Can we not edit posts anymore? Here's another line i'm looking at from a friends kennel:

Line-breeding for the progency of SG1 Sa-Ina's Festo and SG Tess von der Linzer Aach

Any thoughts here?


----------



## JakodaCD OA (May 14, 2000)

you only have so much time to edit posts,,forget what it is, 5 minutes maybe?


----------



## jchilders04 (Jan 11, 2011)

Ah, well I put a link of one of the last two or three litters i'm looking at here; if it doesnt get much response i'll make a new post i guess...


----------



## gagsd (Apr 24, 2003)

OP, are you looking for a dog to go with your current dog, or did she not work out? What were/are her strengths and what do/did you like and not like about her?
She had a very strong working pedigree.


----------



## jchilders04 (Jan 11, 2011)

Oh she's doing great! We are just looking for another dog to join the family/and keep each other company. She is a VERY drivey pup, and works very hard to please you/do what you want. She will happily run herself into the ground to complete the task or do what you want; i absolutely love her.
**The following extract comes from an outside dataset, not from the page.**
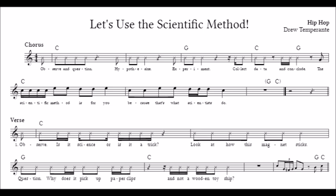Observe and question! Hypothesize! Experiment! The scientific method is for you, because that's what scientists do. The scientific method is for you, because that's what scientists do.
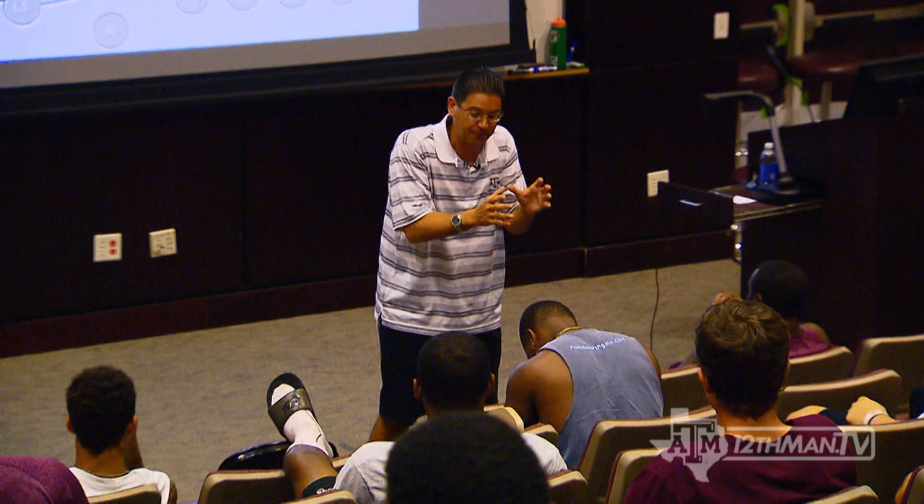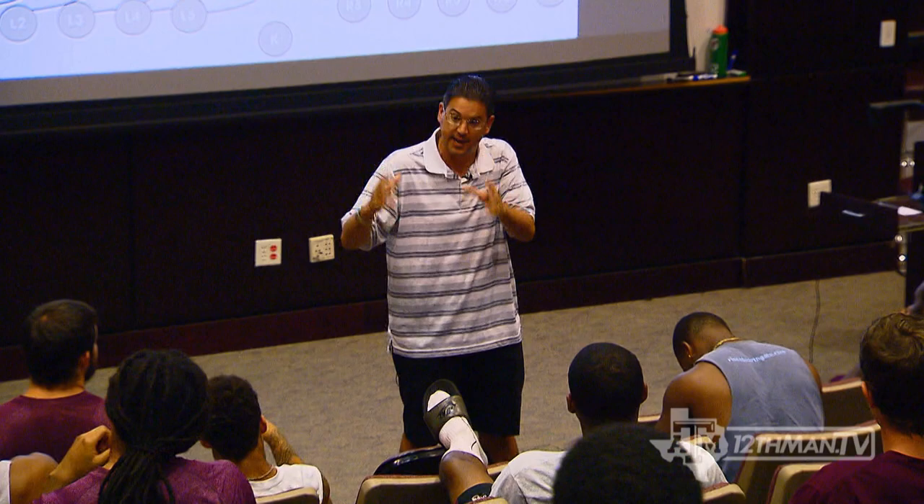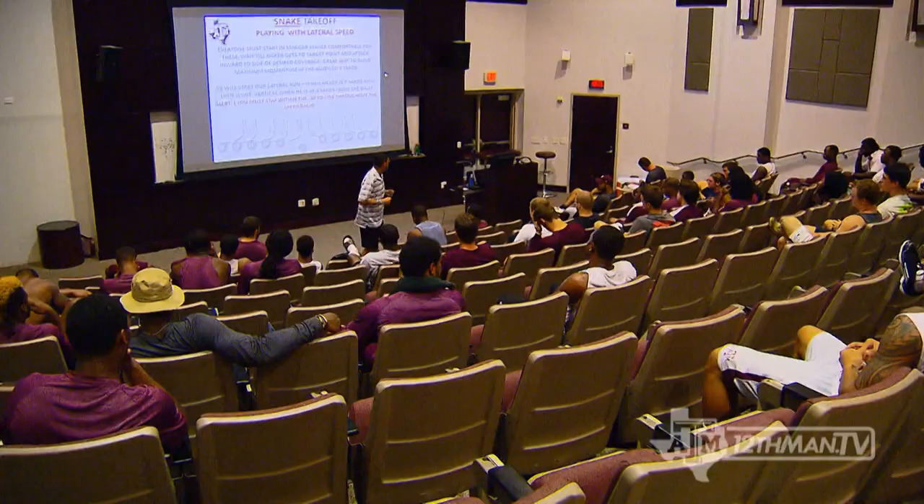I'm going to say one thing about the front line, and we've got to get it changed this afternoon. I'm going to say one thing about how we're going to fit returns, and we've got to get it changed. Let's review kickoff coverage — we're going to start putting it all together.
And since we're looking for another pup, I find it only necessary to get another working shepherd


----------



## wolfstraum (May 2, 2003)

are you looking for a pup to train?? Dan Cox has a litter due this week - sire is Sean O'Kanes male, dam is IPO3 and proven producer [her pups are LE K9s - drug and patrol, IPO3 and some younger ones working towards IPO and Ring titles....should all be sables, maybe a black possible...

Lee


----------



## jchilders04 (Jan 11, 2011)

Yep, I am planning to train as well.


----------